Contractors need to think about covering themselves with insurance more than most other workers as they have left behind the security and perks of permanent employment for larger companies. The cover that comes with that permanent employment package should not be underestimated, which is why it is essential from the outset that contractors get all their insurance sorted out. Most contractors will rightly invest in the big three insurance types, public liability, professional indemnity and employer’s liability insurance. However, because contractors do not get sick pay and sick leave like workers employed by companies, there is another type of insurance that might be worth considering – income protection insurance. Income protection insurance (or Permanent Health Insurance) is a type of insurance that protects you if a situation arises in which you cannot work for any period of time by giving you a replacement income for that period. In purchasing income protection insurance you are essentially purchasing peace of mind that you won’t fall behind with your mortgage or loans or face a drop in your current lifestyle if a rainy day comes along unexpectedly.
Ok, So How Does Income Protection Insurance Work?

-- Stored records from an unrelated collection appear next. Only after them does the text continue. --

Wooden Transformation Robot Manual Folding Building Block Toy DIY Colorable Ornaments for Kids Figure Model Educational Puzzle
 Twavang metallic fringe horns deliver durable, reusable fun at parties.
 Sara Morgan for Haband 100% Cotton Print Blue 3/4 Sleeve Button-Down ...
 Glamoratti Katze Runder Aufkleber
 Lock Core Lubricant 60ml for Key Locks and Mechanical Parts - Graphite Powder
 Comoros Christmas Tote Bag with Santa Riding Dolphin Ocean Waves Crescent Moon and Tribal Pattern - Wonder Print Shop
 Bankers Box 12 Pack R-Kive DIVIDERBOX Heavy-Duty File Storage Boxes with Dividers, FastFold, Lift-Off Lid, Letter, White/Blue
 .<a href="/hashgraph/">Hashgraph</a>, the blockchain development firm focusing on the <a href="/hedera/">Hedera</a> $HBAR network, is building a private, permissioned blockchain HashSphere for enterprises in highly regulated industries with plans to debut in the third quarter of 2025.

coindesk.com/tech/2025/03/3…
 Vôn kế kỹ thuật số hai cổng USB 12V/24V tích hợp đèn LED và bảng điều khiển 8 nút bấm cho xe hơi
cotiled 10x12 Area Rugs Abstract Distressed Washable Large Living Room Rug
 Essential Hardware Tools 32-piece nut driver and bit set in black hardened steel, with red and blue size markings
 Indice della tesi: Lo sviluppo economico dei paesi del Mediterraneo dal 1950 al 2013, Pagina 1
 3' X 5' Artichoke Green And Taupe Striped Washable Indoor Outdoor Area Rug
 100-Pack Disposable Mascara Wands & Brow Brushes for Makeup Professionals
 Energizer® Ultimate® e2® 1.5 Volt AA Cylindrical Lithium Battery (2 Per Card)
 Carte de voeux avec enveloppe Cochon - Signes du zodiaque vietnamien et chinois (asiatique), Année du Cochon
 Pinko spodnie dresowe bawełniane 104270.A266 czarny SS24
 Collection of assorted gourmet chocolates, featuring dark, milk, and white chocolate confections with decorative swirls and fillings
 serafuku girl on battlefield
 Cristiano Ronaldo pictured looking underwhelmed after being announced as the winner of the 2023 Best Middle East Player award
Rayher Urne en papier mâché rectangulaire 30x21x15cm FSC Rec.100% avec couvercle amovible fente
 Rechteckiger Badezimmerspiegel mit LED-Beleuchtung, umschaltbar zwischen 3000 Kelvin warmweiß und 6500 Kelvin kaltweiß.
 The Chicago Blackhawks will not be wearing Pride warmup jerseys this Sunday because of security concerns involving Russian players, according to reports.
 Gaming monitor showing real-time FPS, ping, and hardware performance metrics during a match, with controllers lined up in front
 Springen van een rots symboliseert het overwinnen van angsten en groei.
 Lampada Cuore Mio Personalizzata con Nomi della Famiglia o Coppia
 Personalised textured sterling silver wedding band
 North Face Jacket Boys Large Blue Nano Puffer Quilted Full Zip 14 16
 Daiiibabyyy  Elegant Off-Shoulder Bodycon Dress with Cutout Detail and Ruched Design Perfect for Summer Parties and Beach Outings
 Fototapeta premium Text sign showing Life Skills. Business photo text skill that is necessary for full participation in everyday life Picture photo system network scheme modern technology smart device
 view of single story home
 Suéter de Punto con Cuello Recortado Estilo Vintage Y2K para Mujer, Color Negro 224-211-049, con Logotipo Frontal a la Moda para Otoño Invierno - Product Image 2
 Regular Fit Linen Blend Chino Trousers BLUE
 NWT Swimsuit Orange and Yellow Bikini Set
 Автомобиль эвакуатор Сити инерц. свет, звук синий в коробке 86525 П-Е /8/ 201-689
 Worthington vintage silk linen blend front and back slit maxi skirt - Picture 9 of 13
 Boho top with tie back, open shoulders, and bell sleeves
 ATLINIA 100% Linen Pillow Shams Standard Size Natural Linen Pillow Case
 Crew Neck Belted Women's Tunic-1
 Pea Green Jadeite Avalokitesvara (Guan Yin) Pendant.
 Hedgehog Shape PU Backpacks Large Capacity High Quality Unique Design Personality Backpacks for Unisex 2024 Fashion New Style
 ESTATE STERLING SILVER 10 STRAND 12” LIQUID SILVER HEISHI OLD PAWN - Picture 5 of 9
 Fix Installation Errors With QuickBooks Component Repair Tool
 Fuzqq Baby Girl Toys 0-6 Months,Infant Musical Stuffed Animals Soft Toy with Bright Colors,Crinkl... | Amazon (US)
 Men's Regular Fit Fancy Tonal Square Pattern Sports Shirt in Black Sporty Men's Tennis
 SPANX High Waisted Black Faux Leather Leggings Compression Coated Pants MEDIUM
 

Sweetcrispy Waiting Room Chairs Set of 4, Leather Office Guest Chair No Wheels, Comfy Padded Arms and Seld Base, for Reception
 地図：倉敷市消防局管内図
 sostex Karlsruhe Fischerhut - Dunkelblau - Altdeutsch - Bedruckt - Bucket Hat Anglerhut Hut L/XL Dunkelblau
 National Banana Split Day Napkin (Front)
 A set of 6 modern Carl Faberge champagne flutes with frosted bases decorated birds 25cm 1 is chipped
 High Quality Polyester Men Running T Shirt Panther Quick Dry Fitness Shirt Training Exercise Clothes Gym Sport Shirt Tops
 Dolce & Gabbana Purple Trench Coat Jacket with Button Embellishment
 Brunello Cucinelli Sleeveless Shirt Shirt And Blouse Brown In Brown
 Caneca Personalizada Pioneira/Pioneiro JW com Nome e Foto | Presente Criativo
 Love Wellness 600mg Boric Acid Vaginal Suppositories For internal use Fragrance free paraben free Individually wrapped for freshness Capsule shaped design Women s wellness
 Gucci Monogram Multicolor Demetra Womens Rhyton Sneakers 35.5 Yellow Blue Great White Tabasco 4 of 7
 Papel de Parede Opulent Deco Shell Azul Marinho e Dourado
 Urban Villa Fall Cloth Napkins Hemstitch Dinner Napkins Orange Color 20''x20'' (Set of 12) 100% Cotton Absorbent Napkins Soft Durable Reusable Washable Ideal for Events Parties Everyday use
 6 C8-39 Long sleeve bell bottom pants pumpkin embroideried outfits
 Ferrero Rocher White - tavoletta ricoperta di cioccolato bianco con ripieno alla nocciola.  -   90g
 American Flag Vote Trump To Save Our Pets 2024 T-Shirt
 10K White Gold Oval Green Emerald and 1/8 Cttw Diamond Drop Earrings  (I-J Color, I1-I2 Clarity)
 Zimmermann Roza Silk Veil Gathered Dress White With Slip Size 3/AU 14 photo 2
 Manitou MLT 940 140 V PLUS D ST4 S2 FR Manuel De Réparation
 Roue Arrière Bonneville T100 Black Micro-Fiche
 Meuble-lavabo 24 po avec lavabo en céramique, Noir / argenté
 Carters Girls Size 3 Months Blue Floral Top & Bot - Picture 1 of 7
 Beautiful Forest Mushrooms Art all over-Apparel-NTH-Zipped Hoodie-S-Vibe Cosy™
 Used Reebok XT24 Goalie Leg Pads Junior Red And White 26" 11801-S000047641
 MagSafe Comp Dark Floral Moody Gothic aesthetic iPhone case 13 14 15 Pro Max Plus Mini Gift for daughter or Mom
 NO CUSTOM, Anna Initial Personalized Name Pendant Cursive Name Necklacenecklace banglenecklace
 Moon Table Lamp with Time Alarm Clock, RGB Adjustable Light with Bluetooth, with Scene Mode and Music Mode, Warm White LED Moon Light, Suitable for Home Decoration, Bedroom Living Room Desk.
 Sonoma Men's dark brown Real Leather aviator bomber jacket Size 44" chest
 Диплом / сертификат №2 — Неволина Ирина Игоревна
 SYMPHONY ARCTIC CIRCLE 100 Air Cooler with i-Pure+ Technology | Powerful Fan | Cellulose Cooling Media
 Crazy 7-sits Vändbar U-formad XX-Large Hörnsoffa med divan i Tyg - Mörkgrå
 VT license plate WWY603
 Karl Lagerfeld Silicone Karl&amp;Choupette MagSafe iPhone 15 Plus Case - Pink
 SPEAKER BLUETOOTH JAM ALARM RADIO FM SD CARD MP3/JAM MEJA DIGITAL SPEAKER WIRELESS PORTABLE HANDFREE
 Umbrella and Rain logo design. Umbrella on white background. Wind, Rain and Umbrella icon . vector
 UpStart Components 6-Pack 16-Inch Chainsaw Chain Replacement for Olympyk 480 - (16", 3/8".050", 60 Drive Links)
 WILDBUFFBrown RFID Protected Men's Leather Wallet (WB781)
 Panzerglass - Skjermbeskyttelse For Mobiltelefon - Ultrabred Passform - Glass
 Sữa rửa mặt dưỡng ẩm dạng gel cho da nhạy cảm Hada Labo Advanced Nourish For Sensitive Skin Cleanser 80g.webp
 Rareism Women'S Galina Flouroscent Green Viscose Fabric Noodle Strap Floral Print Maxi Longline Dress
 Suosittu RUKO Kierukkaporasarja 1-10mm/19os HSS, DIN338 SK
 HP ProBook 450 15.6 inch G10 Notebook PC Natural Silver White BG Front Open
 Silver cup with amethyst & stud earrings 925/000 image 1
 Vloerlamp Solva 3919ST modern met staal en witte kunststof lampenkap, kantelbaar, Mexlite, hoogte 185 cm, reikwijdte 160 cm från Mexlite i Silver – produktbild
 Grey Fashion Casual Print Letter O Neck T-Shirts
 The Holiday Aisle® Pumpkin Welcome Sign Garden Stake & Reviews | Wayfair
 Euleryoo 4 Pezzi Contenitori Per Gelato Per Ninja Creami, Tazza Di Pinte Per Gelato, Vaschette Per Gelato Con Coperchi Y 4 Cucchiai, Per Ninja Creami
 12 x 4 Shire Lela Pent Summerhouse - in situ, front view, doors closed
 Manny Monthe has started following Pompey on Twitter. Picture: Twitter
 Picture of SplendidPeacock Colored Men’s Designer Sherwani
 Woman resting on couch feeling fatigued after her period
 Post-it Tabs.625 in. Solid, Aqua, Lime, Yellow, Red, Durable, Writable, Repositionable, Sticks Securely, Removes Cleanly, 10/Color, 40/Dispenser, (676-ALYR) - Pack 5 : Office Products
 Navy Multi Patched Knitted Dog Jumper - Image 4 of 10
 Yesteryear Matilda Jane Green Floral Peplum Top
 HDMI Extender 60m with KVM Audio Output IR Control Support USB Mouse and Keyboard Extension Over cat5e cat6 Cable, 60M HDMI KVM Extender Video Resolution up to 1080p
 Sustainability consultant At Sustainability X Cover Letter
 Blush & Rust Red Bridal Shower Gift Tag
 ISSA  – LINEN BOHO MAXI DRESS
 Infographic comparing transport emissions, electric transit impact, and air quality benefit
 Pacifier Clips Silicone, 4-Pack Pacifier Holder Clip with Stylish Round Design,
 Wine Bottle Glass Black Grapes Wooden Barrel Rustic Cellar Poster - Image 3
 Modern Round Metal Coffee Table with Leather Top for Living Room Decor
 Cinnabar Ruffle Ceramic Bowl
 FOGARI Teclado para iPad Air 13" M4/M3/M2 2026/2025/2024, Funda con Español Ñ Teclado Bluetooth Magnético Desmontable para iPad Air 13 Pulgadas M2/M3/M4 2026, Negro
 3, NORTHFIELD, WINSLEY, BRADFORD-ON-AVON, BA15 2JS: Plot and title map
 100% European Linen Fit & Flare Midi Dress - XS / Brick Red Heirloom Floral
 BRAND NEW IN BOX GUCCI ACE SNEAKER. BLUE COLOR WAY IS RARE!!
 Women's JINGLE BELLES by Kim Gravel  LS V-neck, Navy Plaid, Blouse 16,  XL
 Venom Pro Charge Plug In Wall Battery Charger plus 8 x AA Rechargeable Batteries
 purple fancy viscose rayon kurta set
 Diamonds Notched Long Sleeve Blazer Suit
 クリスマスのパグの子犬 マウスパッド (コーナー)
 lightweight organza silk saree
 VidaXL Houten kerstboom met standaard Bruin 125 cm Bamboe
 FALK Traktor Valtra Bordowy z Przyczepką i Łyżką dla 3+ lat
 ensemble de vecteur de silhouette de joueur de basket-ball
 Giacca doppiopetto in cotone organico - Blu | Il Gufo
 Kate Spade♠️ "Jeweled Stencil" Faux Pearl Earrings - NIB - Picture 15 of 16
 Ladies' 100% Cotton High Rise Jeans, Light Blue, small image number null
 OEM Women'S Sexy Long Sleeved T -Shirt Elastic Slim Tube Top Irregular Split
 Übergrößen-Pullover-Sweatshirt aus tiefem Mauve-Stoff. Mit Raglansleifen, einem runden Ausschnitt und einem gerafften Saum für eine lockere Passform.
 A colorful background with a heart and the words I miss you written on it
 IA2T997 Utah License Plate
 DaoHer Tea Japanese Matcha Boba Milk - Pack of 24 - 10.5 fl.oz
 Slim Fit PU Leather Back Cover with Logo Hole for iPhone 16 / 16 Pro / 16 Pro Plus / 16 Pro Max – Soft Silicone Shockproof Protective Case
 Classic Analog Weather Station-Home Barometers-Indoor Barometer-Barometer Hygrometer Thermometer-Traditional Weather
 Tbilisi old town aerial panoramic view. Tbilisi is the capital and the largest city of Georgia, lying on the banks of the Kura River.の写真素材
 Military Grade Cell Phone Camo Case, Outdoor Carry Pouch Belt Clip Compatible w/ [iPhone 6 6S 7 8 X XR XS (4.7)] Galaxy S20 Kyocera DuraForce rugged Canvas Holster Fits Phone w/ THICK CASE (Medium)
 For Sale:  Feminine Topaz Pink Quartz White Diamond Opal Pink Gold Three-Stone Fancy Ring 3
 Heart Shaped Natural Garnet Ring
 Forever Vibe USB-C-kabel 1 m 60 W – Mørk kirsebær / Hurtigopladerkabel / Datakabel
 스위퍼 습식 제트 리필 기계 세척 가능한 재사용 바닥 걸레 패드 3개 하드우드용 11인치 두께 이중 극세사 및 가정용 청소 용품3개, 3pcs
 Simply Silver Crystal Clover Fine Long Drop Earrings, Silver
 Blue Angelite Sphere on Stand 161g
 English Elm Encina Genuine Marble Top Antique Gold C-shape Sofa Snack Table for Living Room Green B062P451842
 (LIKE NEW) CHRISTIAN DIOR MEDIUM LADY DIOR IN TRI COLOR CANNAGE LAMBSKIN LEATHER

It’s actually very simple. You, as the contractor, take out an insurance policy with a specialist contractor Permanent Health Insurance provider and they agree to pay you a percentage of any lost income if you have an accident that puts you out of work or you cannot work due to ill health. How much that policy costs will depend on the deferred period (the waiting period) you have selected. The deferred period is the length of time that you have to wait while out of work before the policy starts to pay out. Normally, this period will be anything between a month and a year. It is up to you to decide how much time would work for you but obviously the longer you are able to wait for payment, the lower the premiums on your insurance will be. If you opt for the shortest period – 1 month – then you will pay a lot more in premiums but of course you would also be covered a lot quicker in cases of injury or short term illness. On the other hand, if you were only worried about long term illness and had some savings put by you could pay much cheaper premiums but have to wait between 6 months and a year for payment. Those premiums are paid out of your net pay and if you were to make a claim at any point the replacement income would be paid back to you directly without any added taxation issues.
Most permanent health insurers will let you cover yourself for an amount up to 65% of your salary and dividends (gross) and some providers will also include split dividends. As soon as you no longer require cover you can cancel anytime without having to give notice or face penalty charges.
How Do I Choose The Best Income Protection Insurance For Contractors?
With hundreds of different providers out there all offering variations on the same sort of policy, how do you find a policy that is exactly right for you?
The first thing you should do is draw up a list of exactly the features you are looking for from your insurance – the preferred length of the deferred period, the amount you want to pay for premiums, how much income you want to cover etc. When you do all of this, make sure you are realistic about how much income you will actually be needing if disaster strikes. As mentioned above, you are normally allowed to protect up to 65% of your current income, but you might decide to protect less than this in order to reduce those premiums. Ask yourself how much you will actually need to live off if the worst happens and you are out of work for a long period. You will also need to check the policy to make sure that the figures they quote you are inflation proofed. Because of how inflation works, what you think you can live off right now will not necessarily be manageable in 7 to 10 years time. If you want to cover yourself against inflation, make sure the policy you join has something called indexation (also known as escalation) which gives you an incremental increase in the amount insured every year. Also, make sure that your policy covers you up till your date of retirement. That’s because if you are seriously injured you might never be able to return back to work so it is prudent to cover yourself all the way until retirement!
Does Income Protection Insurance Cover Dividends?
Next, you want to ensure that the insurance policy you sign up with covers your dividends too. Most likely you will be using a contractor insurance specialist who will know their way around contractor financials and will understand how your income works. Because a large part of most contractors’ income comes through dividends it is obviously essential that these are covered in any policy.
Is Income Protection Insurance Industry Specific?
You also need to check that the policy will cover you against specifically being unable to work in your particular contracting industry. Why? Because a number of policies will only pay out if you are not able to work in any role, rather than just your contracting role. You absolutely must avoid policies with this clause in them, otherwise, the insurance company could argue that though you cannot work in your contracting role, you could still do some kind of menial labour – and therefore they would not pay you.
Lastly, and most importantly, once you have chosen a company, do your research on them. You need to have confidence that they will do the right thing if you ever need them and not try to wriggle out of it. Before you sign up it is perfectly reasonable to ask the company for some statistics about how often they have paid out in similar circumstances and for instances when they haven’t paid out. Similarly, ask your own financial advisor and your insurance broker what they can tell you about the company and if they have had any experience with them in the past and do your own research on the internet to see how other contractors have reviewed them.